100 Millionen Dollar flossen schließlich in einen Fonds - Geld, das die Inseln wieder bewohnbar machen soll.
"Die jetzige Generation der Bikinians war zu 99 Prozent nie auf ihrer Insel oder nur mal kurz für ein, zwei, drei Tage zu Besuch."

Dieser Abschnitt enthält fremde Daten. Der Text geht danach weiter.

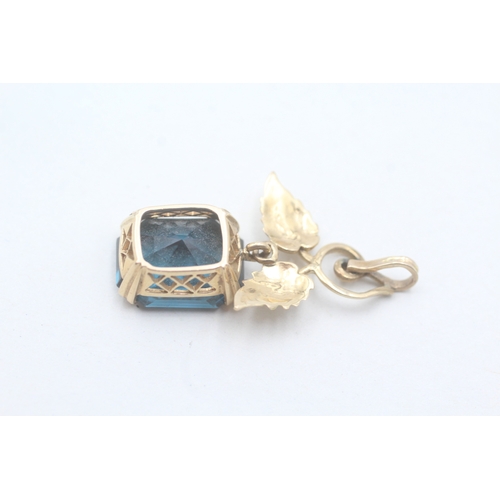 124 - 14ct gold blue gemstone foliate pendant (5.7g)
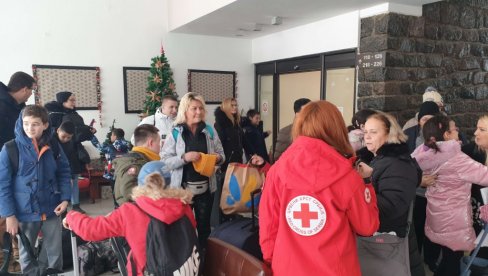 TRADICIONALNA AKCIJA: Crveni krst Beograd ispratio grupu učenika iz pet beogradskih škola na Divčibare (FOTO/VIDEO)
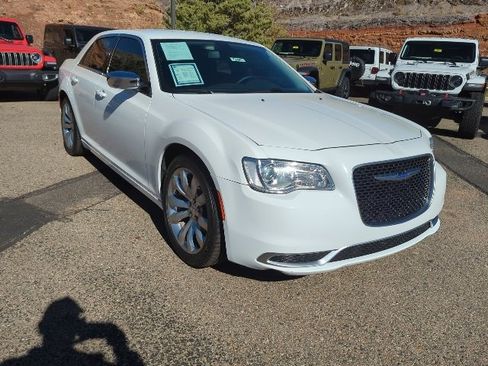 Used 2018 Chrysler 300 Touring w/ Chrome Appearance Package image 3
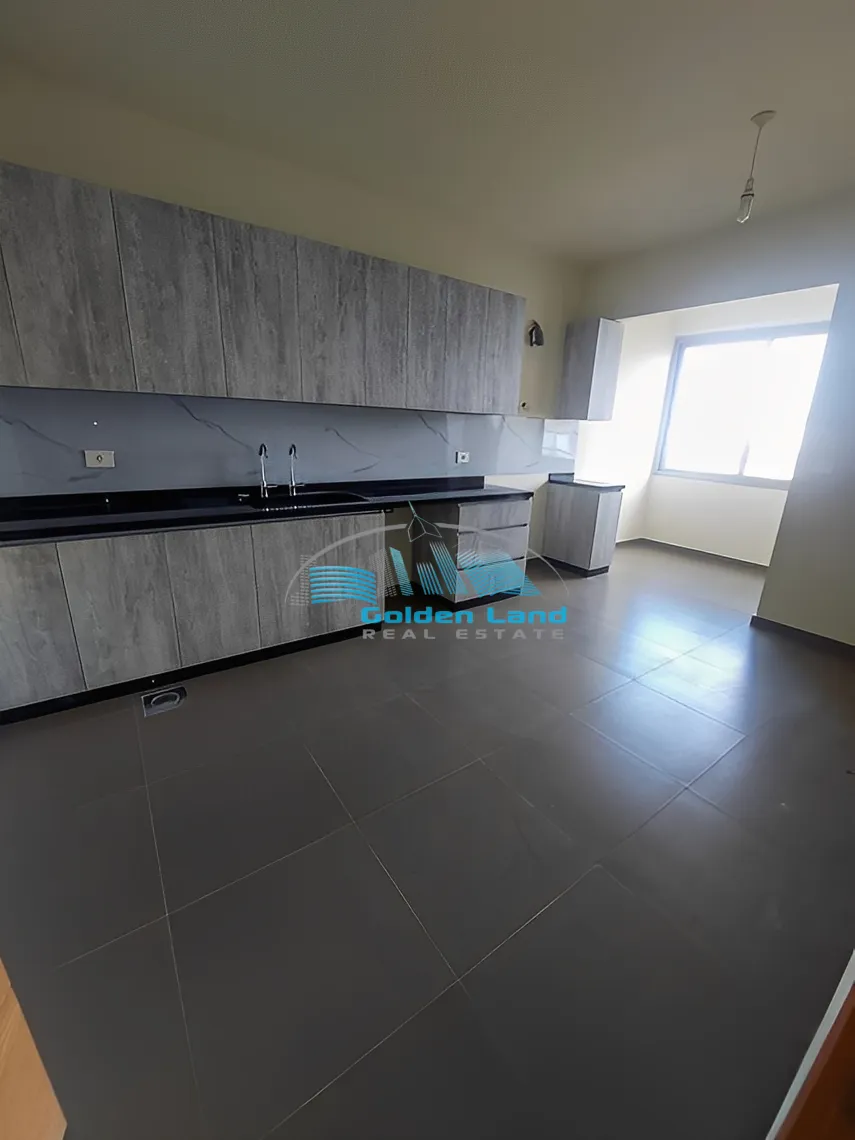 Apartment for Rent in Mazraat Yachoua, Lebanon - 3 bed, 3 bath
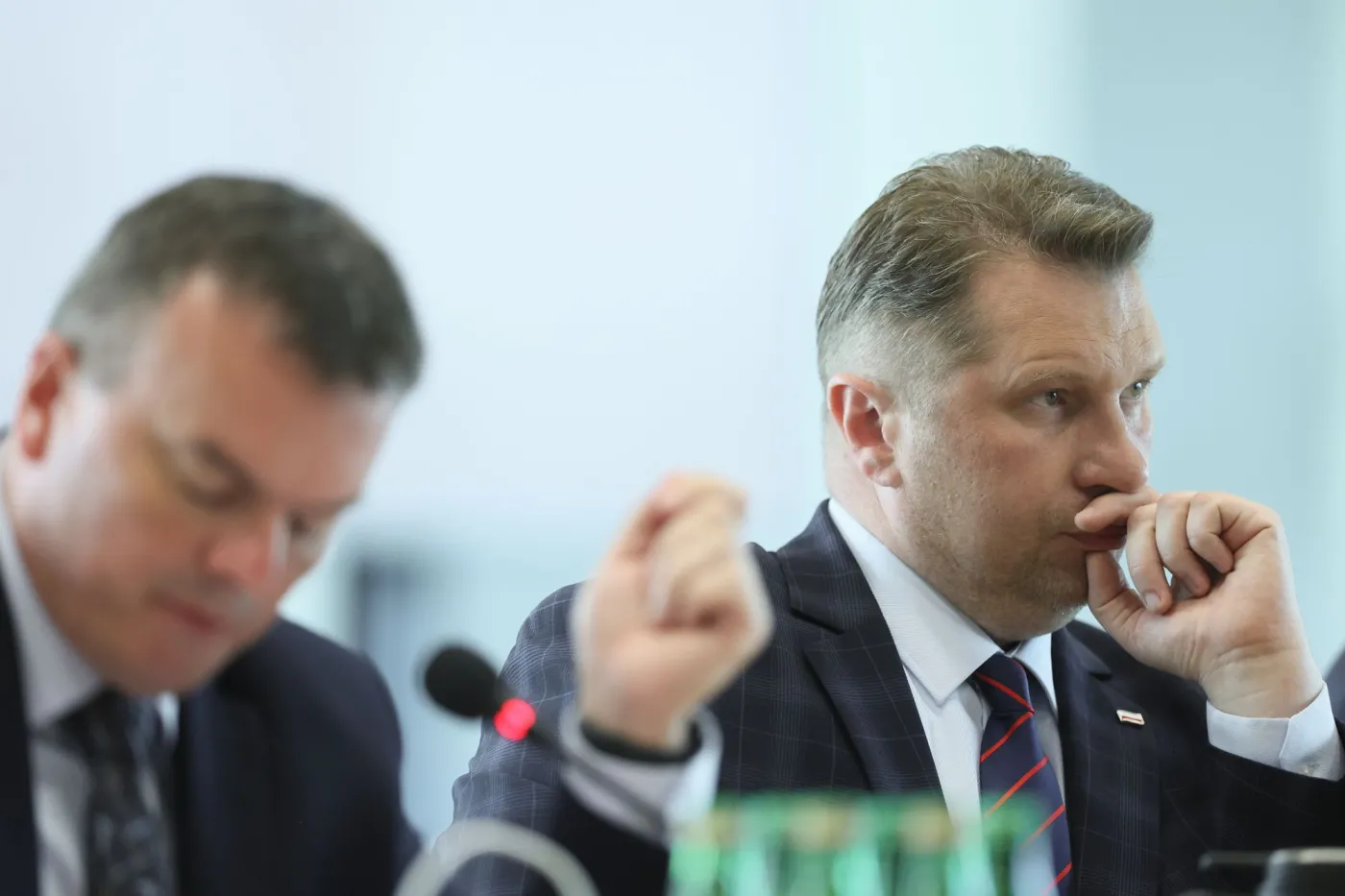 Przemysław Czarnek wykluczony z obrad. "Demoluje komisję i obraża"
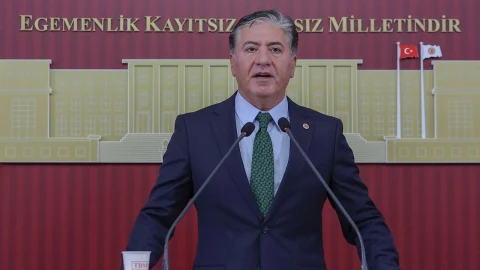 Yeni Parti Grup Başkan Vekili Murat Emir, TBMM’deki basın toplantısında konuşuyor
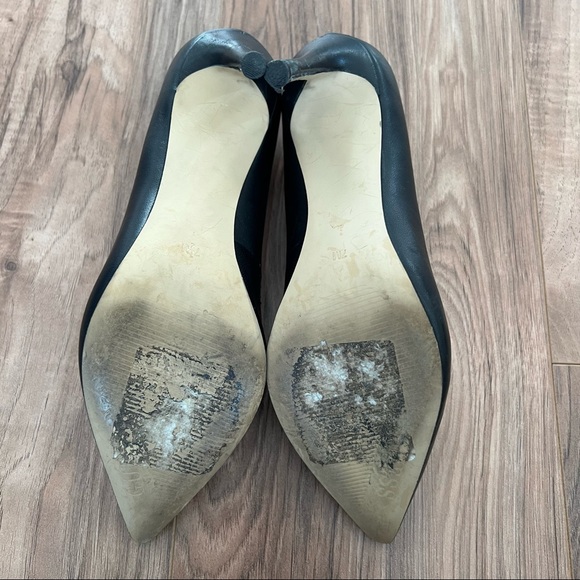 🦊Guess Leather Pumps - Picture 7 of 11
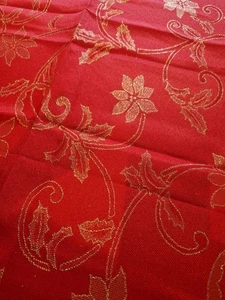 Tablecloth Centre Piece Cloth Chrismas Red Festive 88 x 88cm Poinsettia Holly - Picture 1 of 4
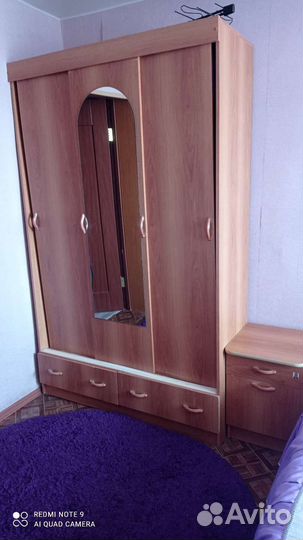 Продам спальный гарнитур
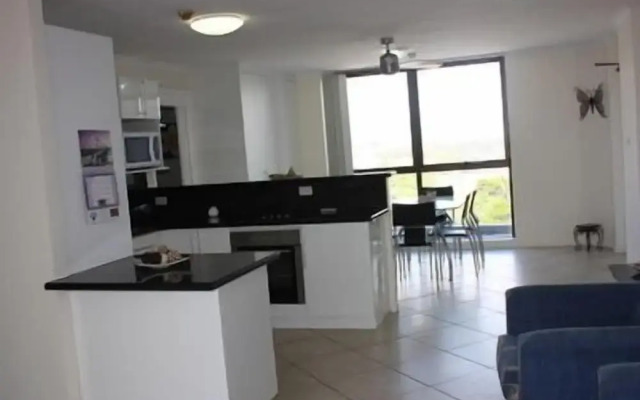 Burleigh Gardens North Hi-Rise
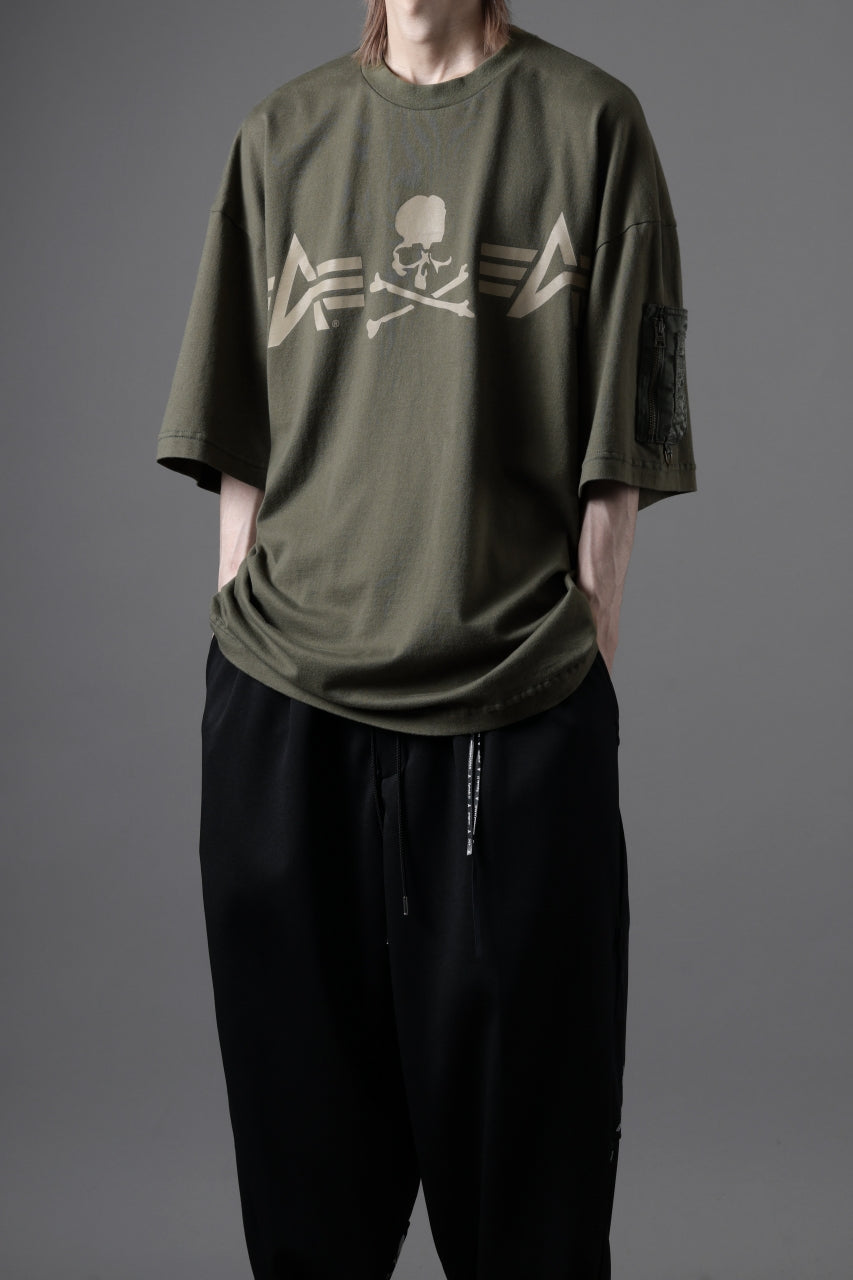 MASTERMIND WORLD x ALPHA INDUSTRIES CIGER POCKET OVERSIZED T-SHIRT (OLIVE)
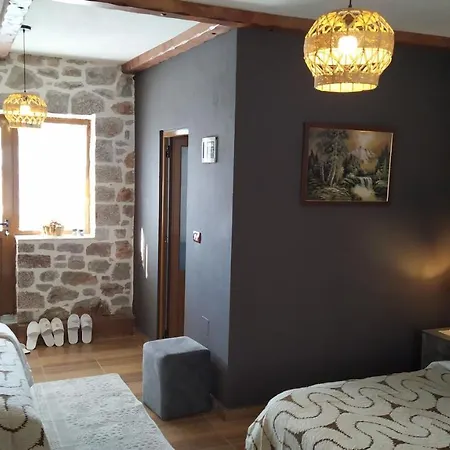 Villa Hotel Restaurant Laura Hotel Voskopojë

Und so ist die Frage, ob sie wirklich zurückwollen. Zwar werden auch heute wieder ein paar Straßen gebaut und Häuser, denn inzwischen ist ein Teil der Radionuklide zerfallen und der reine Aufenthalt ist auf den meisten Inseln kein Problem. Doch die Kokosnüsse sind zu belastet, als dass man sie täglich essen könnte. Wo Kinder leben sollen, muss der Boden abgetragen werden, weil Plutonium darin steckt. An Bord der versenkten Schiffe gefährden Munition und Treibstoffe die Umwelt. Und der Klimawandel bedroht das Atoll, das 2010 von der UNESCO zum Weltkulturerbe ernannt worden ist.
Und so trauern die Bikinianer in ihrer Hymne, dass sie nicht bleiben können, nicht mehr in Frieden und Harmonie leben. Bikini wird für sie wohl ein verlorenes Paradies bleiben - ein Paradies, das sich statt ihrer die Seevögel und Riffhaie erobert haben.